In a series of poignant posts from May to July 2005, one or more of Mary Ann Winterrowd’s students remembered her at RateMyTeachers.com:

She let me write about The Catcher in the Rye when that book was outlawed.

She led values discussions long before most teachers could get beyond plot.

I have never forgotten how well she taught symbolism in literature through the story The Scarlet Ibis and the three kinds of irony through the play Arsenic and Old Lace.

They called us boneheads and troublemakers, but she cared about us and believed we deserved to know good stories.

I loved Miss W. She read some great books to us: The Pearl, The Odyssey, Sailor on Horseback, The Good Earth, and she let me do a book report on The Catcher in the Rye—censored.

Best teacher ever at Castro Valley High School.

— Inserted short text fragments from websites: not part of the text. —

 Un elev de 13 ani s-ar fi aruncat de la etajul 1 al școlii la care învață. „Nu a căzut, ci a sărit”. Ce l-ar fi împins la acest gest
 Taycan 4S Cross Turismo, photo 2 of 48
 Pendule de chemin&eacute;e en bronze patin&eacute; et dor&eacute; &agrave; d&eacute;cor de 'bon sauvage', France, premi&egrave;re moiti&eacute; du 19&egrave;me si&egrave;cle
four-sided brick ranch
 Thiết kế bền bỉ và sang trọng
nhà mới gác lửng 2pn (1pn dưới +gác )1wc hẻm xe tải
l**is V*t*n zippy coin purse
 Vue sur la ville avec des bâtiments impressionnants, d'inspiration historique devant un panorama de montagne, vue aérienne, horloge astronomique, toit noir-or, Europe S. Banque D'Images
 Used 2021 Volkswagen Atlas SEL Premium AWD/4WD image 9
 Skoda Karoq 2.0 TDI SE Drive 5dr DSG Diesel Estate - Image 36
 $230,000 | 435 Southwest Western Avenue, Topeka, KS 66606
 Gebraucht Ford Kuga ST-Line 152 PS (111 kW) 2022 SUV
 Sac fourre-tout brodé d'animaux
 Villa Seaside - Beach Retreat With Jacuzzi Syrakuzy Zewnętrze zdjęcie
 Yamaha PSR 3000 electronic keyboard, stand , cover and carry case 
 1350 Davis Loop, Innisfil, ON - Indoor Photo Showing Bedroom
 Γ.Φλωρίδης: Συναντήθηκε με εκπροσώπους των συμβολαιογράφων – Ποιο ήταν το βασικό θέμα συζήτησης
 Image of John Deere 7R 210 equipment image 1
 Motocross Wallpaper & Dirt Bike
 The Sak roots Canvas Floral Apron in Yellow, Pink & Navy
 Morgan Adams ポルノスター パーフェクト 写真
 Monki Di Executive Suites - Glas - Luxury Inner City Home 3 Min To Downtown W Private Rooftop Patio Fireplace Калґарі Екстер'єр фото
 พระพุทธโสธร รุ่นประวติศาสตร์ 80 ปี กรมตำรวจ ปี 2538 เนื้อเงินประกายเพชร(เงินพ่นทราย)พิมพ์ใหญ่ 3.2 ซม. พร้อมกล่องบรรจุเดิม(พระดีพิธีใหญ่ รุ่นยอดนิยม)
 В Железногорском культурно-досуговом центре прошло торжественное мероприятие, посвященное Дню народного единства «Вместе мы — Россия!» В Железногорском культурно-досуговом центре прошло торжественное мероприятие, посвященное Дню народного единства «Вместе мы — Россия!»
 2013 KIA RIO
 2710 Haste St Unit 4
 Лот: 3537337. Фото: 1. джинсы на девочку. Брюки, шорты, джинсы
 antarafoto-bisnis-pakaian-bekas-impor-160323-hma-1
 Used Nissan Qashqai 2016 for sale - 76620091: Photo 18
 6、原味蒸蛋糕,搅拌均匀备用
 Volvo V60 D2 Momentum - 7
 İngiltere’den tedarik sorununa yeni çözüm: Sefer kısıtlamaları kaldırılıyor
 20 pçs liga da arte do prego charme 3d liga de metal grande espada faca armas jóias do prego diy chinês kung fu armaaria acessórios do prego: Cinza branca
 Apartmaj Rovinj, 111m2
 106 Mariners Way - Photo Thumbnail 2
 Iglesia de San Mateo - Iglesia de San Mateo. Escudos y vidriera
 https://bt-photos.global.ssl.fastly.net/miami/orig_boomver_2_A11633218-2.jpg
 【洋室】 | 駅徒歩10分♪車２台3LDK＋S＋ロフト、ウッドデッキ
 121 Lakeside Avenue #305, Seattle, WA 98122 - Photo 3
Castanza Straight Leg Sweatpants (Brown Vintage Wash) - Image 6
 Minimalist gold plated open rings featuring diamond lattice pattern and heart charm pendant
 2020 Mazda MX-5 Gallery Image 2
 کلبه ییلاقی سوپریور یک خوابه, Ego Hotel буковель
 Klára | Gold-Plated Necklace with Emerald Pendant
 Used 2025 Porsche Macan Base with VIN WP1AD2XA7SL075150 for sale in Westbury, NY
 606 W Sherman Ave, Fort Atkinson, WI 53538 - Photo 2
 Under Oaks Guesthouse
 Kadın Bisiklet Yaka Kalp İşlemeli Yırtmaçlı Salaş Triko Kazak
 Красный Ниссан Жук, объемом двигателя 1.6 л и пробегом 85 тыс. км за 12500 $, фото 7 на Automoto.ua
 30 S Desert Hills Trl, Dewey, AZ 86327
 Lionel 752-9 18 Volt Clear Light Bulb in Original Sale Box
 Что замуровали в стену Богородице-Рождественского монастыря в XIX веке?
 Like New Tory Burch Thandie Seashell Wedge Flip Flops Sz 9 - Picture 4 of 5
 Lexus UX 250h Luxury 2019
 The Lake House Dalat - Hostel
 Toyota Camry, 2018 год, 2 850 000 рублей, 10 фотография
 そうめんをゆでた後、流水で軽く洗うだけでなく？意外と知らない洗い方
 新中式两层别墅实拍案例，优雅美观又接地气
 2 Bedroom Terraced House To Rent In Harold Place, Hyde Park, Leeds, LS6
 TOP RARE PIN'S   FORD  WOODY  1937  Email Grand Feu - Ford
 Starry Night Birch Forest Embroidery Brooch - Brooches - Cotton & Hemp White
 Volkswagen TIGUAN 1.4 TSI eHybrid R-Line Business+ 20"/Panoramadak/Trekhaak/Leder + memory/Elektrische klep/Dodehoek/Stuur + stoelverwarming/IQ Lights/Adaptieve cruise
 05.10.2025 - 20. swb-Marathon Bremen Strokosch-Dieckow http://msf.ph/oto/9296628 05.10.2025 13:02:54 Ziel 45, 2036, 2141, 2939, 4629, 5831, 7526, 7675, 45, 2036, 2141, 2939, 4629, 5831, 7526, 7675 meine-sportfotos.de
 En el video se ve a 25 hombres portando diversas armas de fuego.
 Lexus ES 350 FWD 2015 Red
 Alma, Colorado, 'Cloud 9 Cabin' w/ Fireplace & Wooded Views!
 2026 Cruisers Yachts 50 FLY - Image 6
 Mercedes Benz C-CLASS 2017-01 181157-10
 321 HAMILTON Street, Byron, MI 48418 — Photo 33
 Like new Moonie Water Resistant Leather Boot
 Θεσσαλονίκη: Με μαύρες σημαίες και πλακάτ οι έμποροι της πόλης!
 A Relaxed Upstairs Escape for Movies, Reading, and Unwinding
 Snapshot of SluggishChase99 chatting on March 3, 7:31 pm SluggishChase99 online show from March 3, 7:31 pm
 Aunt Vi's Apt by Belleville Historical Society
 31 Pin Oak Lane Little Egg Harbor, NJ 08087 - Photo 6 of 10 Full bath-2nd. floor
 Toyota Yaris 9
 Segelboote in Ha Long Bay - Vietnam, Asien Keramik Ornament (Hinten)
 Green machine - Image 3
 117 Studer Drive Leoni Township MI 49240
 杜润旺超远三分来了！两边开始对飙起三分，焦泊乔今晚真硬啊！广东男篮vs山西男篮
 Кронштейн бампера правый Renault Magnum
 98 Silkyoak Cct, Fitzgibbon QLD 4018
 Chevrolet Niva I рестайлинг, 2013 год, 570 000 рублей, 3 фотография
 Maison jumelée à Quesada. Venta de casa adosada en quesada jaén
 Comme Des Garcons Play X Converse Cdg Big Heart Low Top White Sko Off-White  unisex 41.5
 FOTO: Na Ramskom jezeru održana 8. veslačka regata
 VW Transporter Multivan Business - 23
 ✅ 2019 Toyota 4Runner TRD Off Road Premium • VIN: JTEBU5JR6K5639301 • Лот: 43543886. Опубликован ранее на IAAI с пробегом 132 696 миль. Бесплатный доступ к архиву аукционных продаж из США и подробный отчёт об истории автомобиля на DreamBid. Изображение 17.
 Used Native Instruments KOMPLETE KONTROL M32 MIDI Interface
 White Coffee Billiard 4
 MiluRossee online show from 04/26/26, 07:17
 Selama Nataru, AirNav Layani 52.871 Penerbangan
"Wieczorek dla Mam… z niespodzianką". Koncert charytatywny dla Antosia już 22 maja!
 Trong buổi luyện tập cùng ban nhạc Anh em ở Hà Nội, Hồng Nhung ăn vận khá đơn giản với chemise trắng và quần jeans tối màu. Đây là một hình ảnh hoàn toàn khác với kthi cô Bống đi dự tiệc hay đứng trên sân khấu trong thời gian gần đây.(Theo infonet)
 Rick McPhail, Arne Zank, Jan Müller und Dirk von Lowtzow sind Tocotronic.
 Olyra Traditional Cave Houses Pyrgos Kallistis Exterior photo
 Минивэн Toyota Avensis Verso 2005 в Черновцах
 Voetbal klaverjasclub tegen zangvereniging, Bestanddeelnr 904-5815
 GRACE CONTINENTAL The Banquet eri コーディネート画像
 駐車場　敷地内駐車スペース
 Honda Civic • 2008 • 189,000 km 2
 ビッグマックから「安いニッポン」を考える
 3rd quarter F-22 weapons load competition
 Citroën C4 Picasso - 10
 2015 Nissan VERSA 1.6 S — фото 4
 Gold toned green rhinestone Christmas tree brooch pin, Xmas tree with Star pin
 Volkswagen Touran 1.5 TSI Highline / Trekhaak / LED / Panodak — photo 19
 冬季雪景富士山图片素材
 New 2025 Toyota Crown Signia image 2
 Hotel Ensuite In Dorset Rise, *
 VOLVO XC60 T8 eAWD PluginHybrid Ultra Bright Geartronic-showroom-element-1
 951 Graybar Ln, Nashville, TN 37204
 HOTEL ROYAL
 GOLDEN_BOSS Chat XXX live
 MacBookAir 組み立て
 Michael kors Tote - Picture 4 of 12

Penn and Mary Ann wandered around Europe after he was discharged from active duty in Oct. 1967. When they returned in the summer of 1968, she took a job teaching in Vallejo and for a second time, he went back to grad school at Berkeley, where he wrote a paper with renowned Germanic linguist Frederic Tubach, again about the 12th-century Celtic hero Tristan.

“Fritz said it was so good I should publish it, but that since I was too lazy or cowardly or whatever, he would do it for me,” Penn says. Publish it Tubach did. The Constellation of Characters in the Tristan' of Gottfried von Strassburg appeared in a 1972 issue of the University of Wisconsin’s Monatshefte: A Journal of German Language and Literature.

On his way up in academe, Penn abruptly quit his doctorate. Military service, he said, had changed him. Listening to students chanting about Cambodia outside a classroom window during his oral Ph.D. exams, he retorted sarcastically to a question about 13th century German history and failed. He walked out with a master’s degree in Medieval German, giving up the academy, he says, for reality.

“Those were the days when everybody was talking about what was relevant,” Penn said. “What I was doing didn’t seem relevant at all.”

To Penn, relevant meant finishing a library science degree, also at Berkeley, and settling into an uneventful librarian’s job in Vallejo. “Helping people look up information and find good books seemed more necessary,” he told me. It also helped pay the bills for a new baby, his son Felix born in 1971.

Reflecting on Penn’s choice these many years later, Fritz Tubach seemed hesitant, almost regretful. “I remember Gareth very well,” Tubach told me. “He was brilliant, but unfortunately he was never able to harness his brilliance to suit the narrow confines of academe.”

Outside those confines, Penn “created his own space for thinking and speculating,” Tubach said, a state of mind he well understands.

In 2001, Tubach published a best-selling book about an unusual friendship between a Nazi soldier’s son who grew up hating authority—himself—and a Hungarian Jew, Bernat Rosner, who survived the ultimate expression of the authoritarian state, Auschwitz. Recognizing his old professor in
An Uncommon Friendship: From Opposite Sides of the Holocaust, Penn contacted Tubach a few years ago and congratulated him.

“During my academic career at Berkeley, I had about half a dozen students who were truly geniuses,” Tubach remembered. “Gareth Penn was one of them.”

Of domes and Dukes


Penn’s life started to unravel after he quit the library and moved his young family—which now included a daughter, age 2—into a “geodesic dome home” he built but never finished on an isolated, wind-swept Napa ridge.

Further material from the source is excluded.